By trade, I am a plant operator and maintenance technician. I have spent a lot of my life reading gauges and trying to determine what the gauge is telling me in regards to a piece of equipment. So I have an understanding of these kinds of things. However, I can articulate what I see of the story that this instrument is trying to tell and in doing so, hopefully I can get others to see something of the story of a thing that is common to their world.
Here is what I see.
For the length of a person’s shift or watch, this gauge ruled their world. Everything in their life was dependent on their ability to discern the information displayed.

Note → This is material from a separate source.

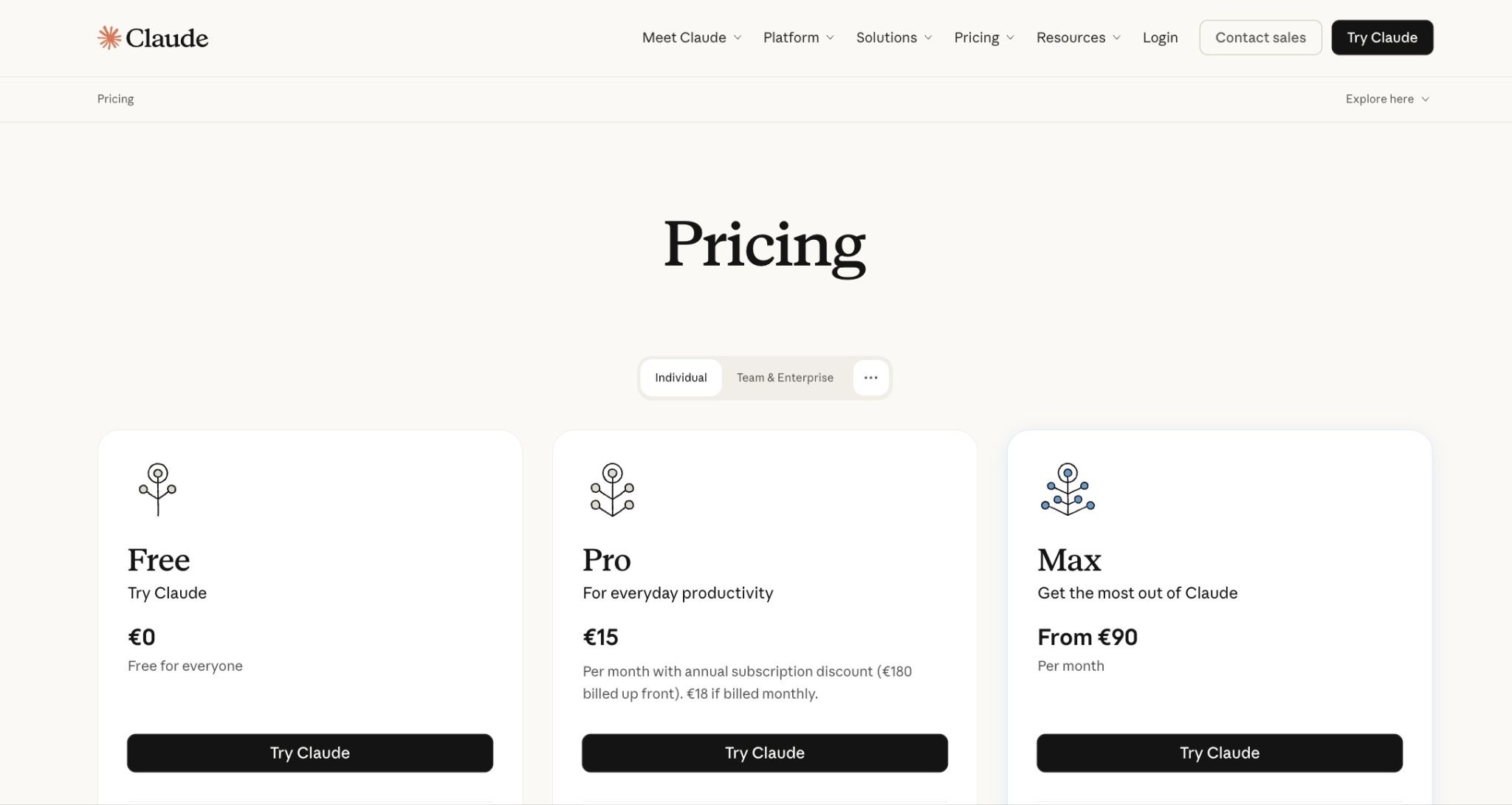 Claude's pricing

In order to properly understand what this thing is trying to tell us, it can potentially take years of dedication and study.
Fluid systems, power systems, steam systems, and mechanical systems are unimaginably complex, though they don’t always appear to be so and the worth (so far as employment is concerned) was-and-still-is determined by one’s ability to decipher what the gauge is telling us.

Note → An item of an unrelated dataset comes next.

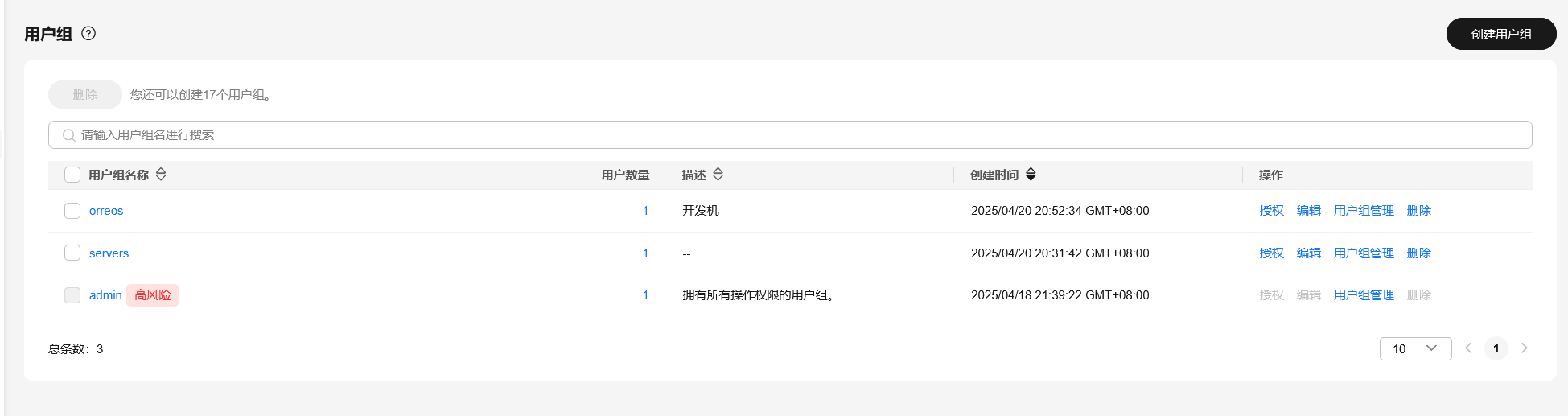 统一身份认证服务 IAM / 用户组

The system that this gauge is connected to affects some other part of the total system when it’s in operation. If the operator doesn’t properly understand what it’s telling him, then another part of the operation suffers and if that doesn’t get rectified, eventually a person’s family could suffer since the operating engineer or stoker could end up without a job.
More Power, More Output
An example of this could be a textile mill back in the late 1800’s or early 1900’s. A single steam engine often ran an entire mill. The single engine would power everything through a belt system. As more machinery was put on the line and load was placed on the engine, it would require more steam to maintain speed. Engine speed affected plant output.
As more steam was required, more heat and water would need to be supplied to the boiler, which was manually fired and the boiler water level manually maintained. A steam gauge and water level gauge ruled the world of the stokers. A large drop in steam pressure and the engine slowed down. Too little water in the boiler and the boiler could explode. Too much heat resulted in wasted fuel and energy and too much water could mean that water would enter the steam piping and cause valve or engine damage.
Any one of these things could result in a man losing his job, which would’ve been catastrophic to his family.
Why Does Any of This Matter?
To me, I see the story of a man dedicated to his work in a way that people really aren’t today. Some of it in study. Some of it in practice, but dedication to his work nonetheless, because not being dedicated could be catastrophic.
What would it take to be more dedicated?